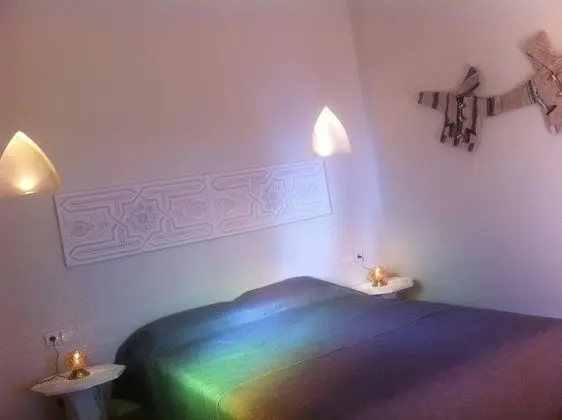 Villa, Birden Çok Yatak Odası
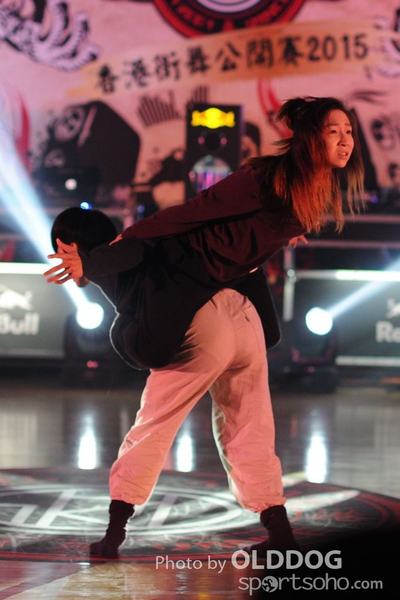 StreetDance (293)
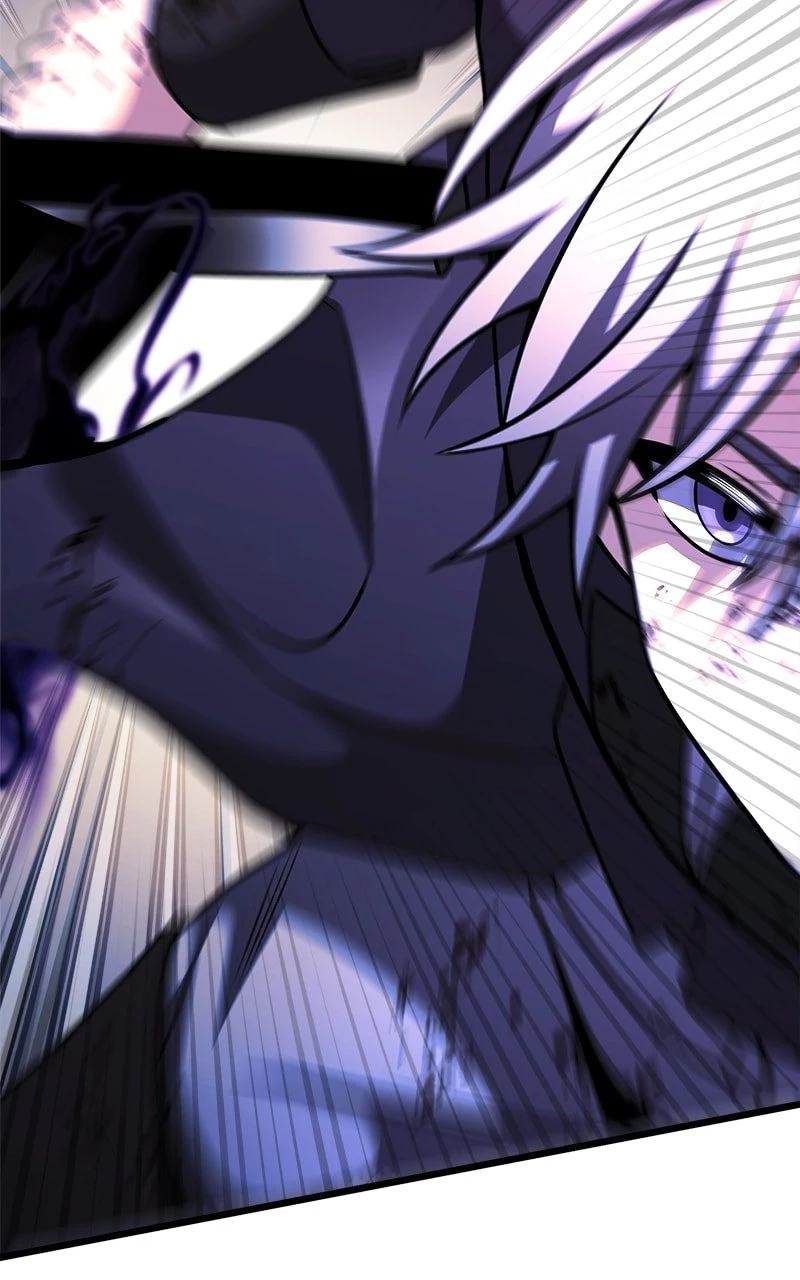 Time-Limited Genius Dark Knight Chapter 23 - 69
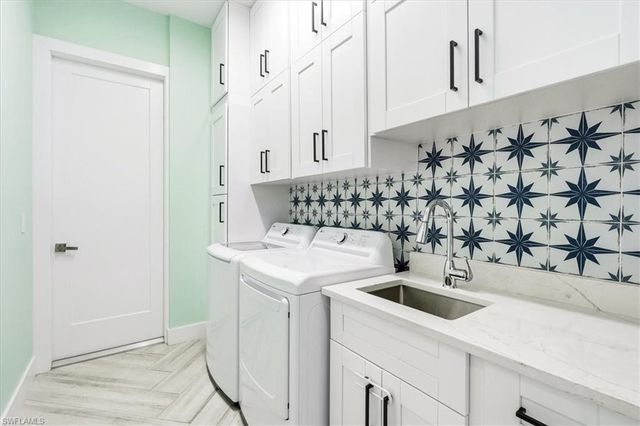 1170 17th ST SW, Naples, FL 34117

_____

▶ [Exercise objective]
Starting from the line where "Time-Limited Genius Dark" appears, copy every line through the end of the material, both ends included, but no pictures.

▶ [Your response]
 Time-Limited Genius Dark Knight Chapter 23 - 69
 1170 17th ST SW, Naples, FL 34117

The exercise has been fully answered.